Stored data entries:
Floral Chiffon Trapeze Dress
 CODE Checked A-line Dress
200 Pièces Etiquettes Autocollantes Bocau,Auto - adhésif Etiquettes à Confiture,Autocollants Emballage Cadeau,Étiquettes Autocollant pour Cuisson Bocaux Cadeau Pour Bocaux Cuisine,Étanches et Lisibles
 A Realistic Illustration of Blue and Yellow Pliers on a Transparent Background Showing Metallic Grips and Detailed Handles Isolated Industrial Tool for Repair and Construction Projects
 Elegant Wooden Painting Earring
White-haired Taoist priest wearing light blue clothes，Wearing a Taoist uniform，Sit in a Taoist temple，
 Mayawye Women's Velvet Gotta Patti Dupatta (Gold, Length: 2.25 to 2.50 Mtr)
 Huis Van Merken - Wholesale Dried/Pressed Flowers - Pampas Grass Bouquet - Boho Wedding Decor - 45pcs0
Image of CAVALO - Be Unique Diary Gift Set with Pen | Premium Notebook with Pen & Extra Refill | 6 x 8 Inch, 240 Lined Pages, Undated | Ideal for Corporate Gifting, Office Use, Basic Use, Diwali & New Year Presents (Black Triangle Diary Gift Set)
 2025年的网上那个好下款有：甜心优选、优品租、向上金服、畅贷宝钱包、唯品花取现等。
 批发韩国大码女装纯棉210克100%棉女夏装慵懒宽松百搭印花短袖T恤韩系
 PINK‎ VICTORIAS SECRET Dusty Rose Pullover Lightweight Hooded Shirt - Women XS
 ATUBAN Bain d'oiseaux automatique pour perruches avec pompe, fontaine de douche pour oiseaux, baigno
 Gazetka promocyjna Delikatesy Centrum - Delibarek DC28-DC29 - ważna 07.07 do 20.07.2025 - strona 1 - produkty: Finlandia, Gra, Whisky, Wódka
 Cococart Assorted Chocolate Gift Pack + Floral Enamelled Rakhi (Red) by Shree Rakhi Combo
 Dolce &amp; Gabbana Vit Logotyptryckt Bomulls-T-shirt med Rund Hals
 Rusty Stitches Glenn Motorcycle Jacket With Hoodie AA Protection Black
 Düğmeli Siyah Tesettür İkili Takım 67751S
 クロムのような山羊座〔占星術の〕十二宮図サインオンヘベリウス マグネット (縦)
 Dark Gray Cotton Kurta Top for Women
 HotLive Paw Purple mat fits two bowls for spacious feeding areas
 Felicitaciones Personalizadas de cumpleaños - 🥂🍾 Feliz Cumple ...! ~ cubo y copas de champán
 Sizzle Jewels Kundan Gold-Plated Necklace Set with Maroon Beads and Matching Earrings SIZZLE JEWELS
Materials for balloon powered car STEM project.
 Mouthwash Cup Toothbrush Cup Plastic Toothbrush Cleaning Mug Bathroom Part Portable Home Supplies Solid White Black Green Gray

*Task directions*:
Whenever a line in the records above contains the string "Gold", copy that line.

*Output of the exercise*:
 Mayawye Women's Velvet Gotta Patti Dupatta (Gold, Length: 2.25 to 2.50 Mtr)
 Sizzle Jewels Kundan Gold-Plated Necklace Set with Maroon Beads and Matching Earrings SIZZLE JEWELS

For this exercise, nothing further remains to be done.